SINGAPORE (May 24): Shares of Fraser and Neave got a jolt of caffeine after the company, controlled by Thailand’s richest man, announced plans to enter the Thai coffee market.
F&N, better known for its 100Plus isotonic sports drink, jumped the most in 10 months after saying its joint venture unit would buy out Starbucks Corp’s operations in Thailand.
The deal --- that people with knowledge of the matter said could value Starbucks’ operations there at more than US$500 million ($687 million) -- sparked an early rally of as much 5.2% in F&N’s shares. Shares in F&N ended Friday 5 cents higher at $1.78, with 120.7 million shares changing hands.
“Starbucks is an iconic brand, which will prosper in the burgeoning Thai consumer market,” Nirgunan Tiruchelvam, head of consumer-sector equity research at Exotix Partners, said by telephone on Friday.
Thai Beverage PCL, which owns 28.5% of Singapore-based F&N, will become a “regional consumer powerhouse with Starbucks, KFC, Chang beer and Thai spirits under its belt,” he said.
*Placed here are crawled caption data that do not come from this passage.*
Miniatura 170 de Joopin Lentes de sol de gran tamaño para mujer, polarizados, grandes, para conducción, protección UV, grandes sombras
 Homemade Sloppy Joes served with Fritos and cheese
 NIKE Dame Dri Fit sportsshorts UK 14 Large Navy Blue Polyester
ThaiBev shares closed flat at 79.5 cents on Friday.
F&N said the venture will bolster its presence in Southeast Asia and is expected to contribute to earnings in the current financial year ending September.
F&N, which also sells Magnolia milk, Fruit Tree juice drinks and King’s ice cream, generated about 40% of its annual revenue in Malaysia, more than a third from Thailand and about a quarter from Singapore, according to the data provided by the company.